В гостиницу Лионелла поехала на такси. В номере повторила утренний ритуал: душ, укладку феном и макияж. Но заключительный этап марафона отнял куда больше времени.
Распотрошив чемоданы, она разложила свои наряды на большой двуспальной кровати. Методом исключения поочередно убрала часть из них в платяной шкаф. В результате отбора на кровати осталось три вечерних туалета: темно-зеленое платье из бархата с воротником и муаровой розой, белый гипюровый костюм с набивными лимонами и черное мини-платье.
Лионелла отказалась от костюма с лимонами и убрала его в шкаф. Туда же отправила бархатное платье с цветком.
Глядя на черное мини-платье, сказала:
– Надену-ка я его.
Немного подумав, Лионелла надела черные колготки и такого же цвета ботинки на толстой и ребристой подошве.
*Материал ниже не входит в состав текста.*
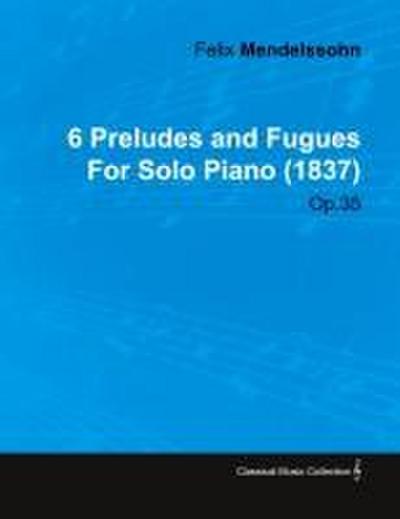 6 Preludes and Fugues by Felix Mendelssohn for Solo Piano (1837) Op.35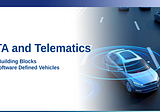 OTA and Telematics: The Building Blocks for Software-Defined Vehicles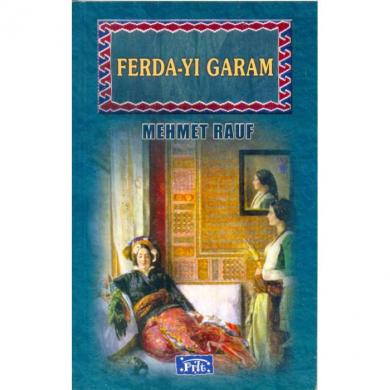 FERDA-YI GARAM - Mehmet Rauf- | Yeni ve İkinci El Ucuz Kitabın Adresi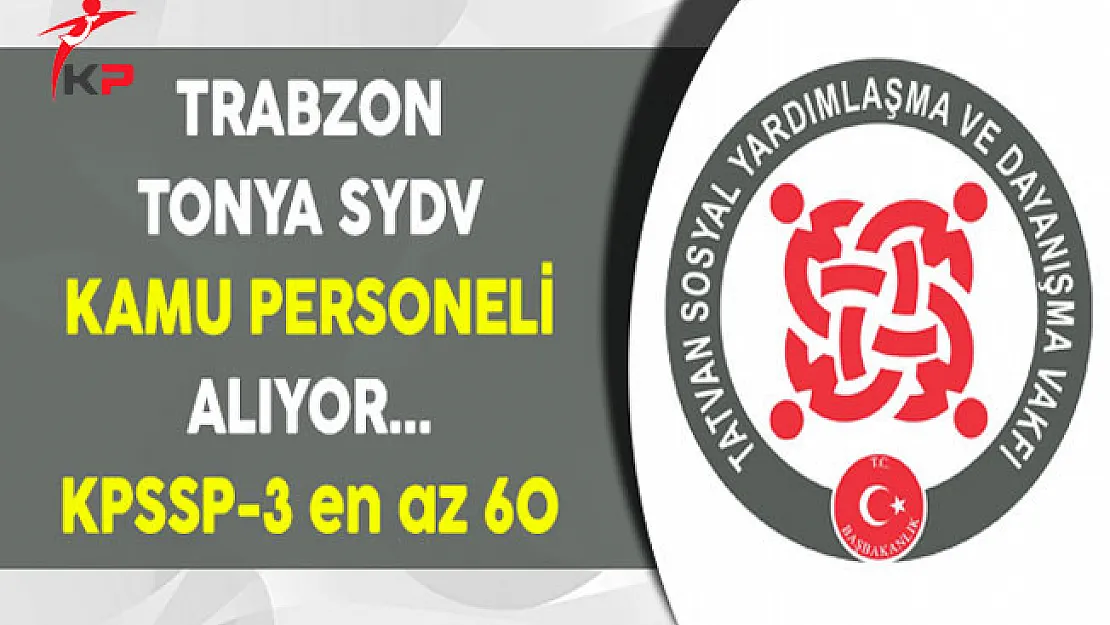 Trabzon Tonya SYDV Kamu Personeli Alıyor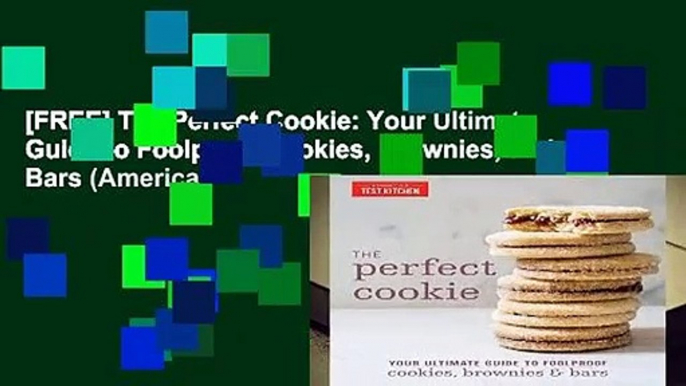 [FREE] The Perfect Cookie: Your Ultimate Guide to Foolproof Cookies, Brownies, and Bars (Americas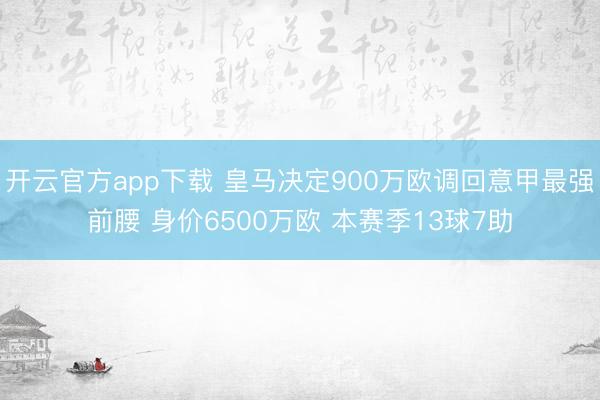 开云官方app下载 皇马决定900万欧调回意甲最强前腰 身价6500万欧 本赛季13球7助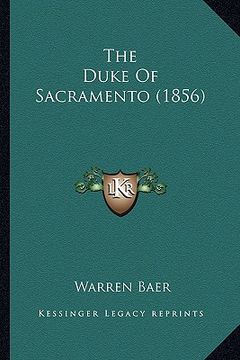 portada the duke of sacramento (1856) the duke of sacramento (1856) (en Inglés)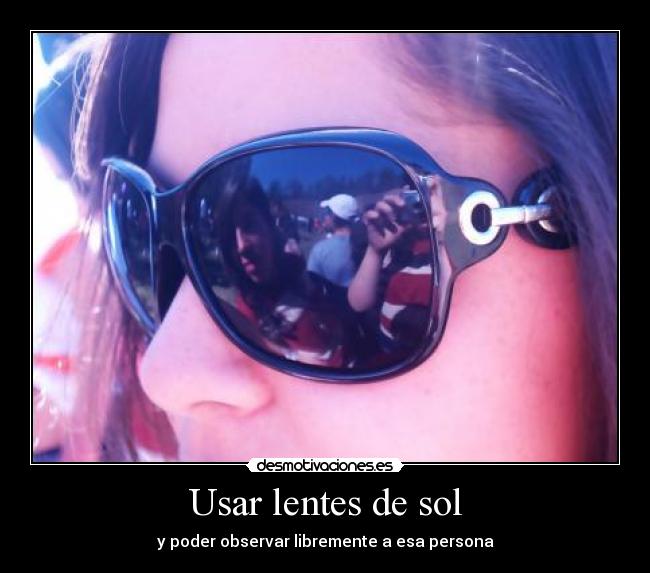 Usar lentes de sol - 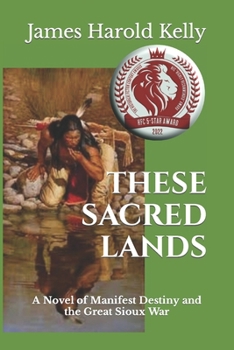 THESE SACRED LANDS: A NOVEL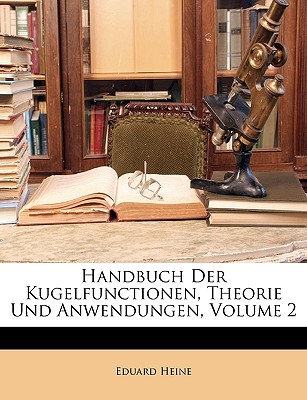 Handbuch Der Kugelfunctionen, Theorie Und Anwendungen; Volume 2 - Heine, Eduard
Покрутилась у зеркала, взглянула на часы и вдруг поняла, что до начала спектакля осталось всего двадцать минут.
Выскочив за дверь, на бегу она достала телефон и позвонила в такси.
В фойе, возле гардероба Лионеллу встретила Петрушанская:
– Ну что же вы, дорогая, опаздываете? Виктор Харитонович попросил встретить вас и провести в директорскую ложу.
– Я купила билет в партер, – заметила Лионелла.
– Зачем было тратить деньги? Впрочем… – Петрушанская махнула рукой. – Денег у вас хватает, не обеднеете.
Ее слова показались Лионелле забавными или, по крайней мере, беззлобными. Во всяком случае, в них не было ни подтекста, ни зависти.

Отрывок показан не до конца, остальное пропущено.